I admit I didn’t notice it myself and had it recently pointed out to me.  It’s unfortunate that this piece of information is buried in the Release Notes and not listed in the VMware Knowledgebase, the vSphere 5.1 Clustering Guide, etc.  Despite the fact that many in the industry despise virtualized Windows Failover Clusters, the fact remains that organizations use them and will continue to use them.  vSphere HA can sometimes serve as a replacement but not always.  More on my thoughts on this subject here.

To make sure everyone understands the issue here – when creating a Windows Failover Cluster, you can run through a validation process to make sure the cluster will function properly.  Microsoft will only support a cluster (virtual or physical) if it has been validated.  As you can see in the Release Notes, it appears that Windows 2012 Failover Clusters do not successfully complete the validation step.

I figured I’d give this a try and see if I can reproduce the issue and to my surprise I cannot.  I’ve tried the traditional method of clustering virtual machines by using RDMs in physical compatibility mode.  I’ve also tested using storage presented via the iSCSI initiator inside the virtual machine.  In both cases I was able to validate the cluster and receive a validated rating that is good enough to qualify for Microsoft support.


I’m not sure what the actual problem is with Windows 2012 Failover Clusters but I’m unable to reproduce the behavior listed in the Release Notes.  The behavior described in the Release Notes is what happens when the cluster fails the validation test and is actually expected.  If your cluster passes the validation tests, as mine did in the tests I ran, it proceeds to create the cluster without an issue.

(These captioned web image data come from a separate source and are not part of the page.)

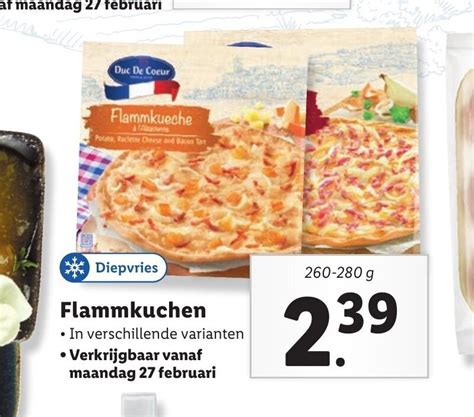 Flammkuchen 260 280 G Aanbieding Bij Lidl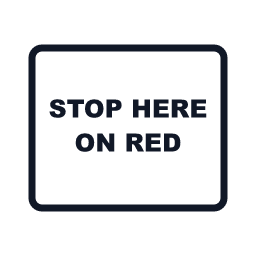 Stop Here on Red regulatory road sign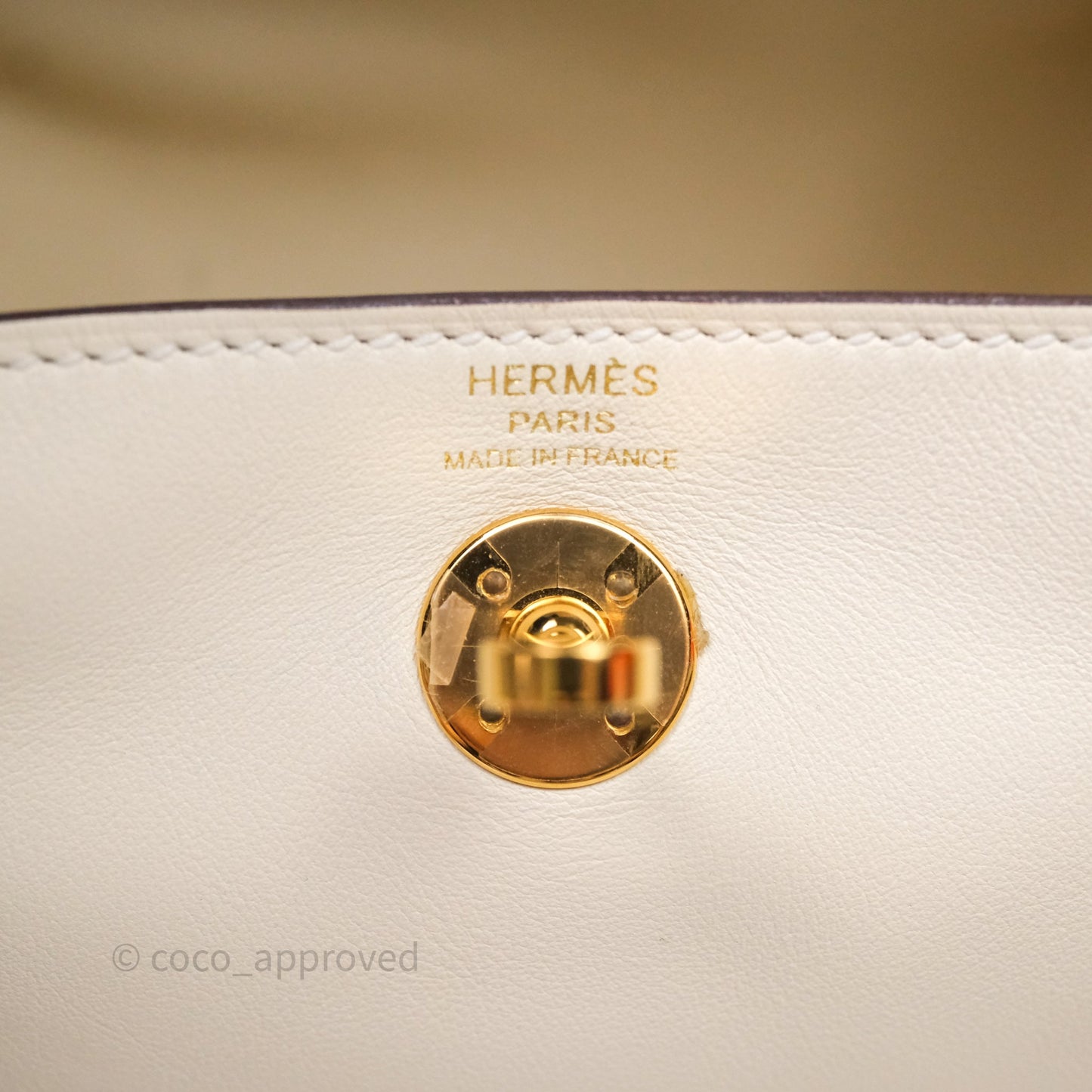 Hermès Mini Lindy 20 Nata I2 Swift Gold Hardware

Hopefully VMware will clarify this issue for us and/or change their support stance.  I firmly believe you should stick with what is supported when virtualizing business critical applications.  In this case I can’t even figure out why it isn’t supported in the first place, but do have to recommend that organizations hold off on virtualizing Windows 2012 Failover Clusters until this support statement is changed.

Anyone else tried to virtualize a Windows 2012 Failover Cluster and see the behavior that VMware describes?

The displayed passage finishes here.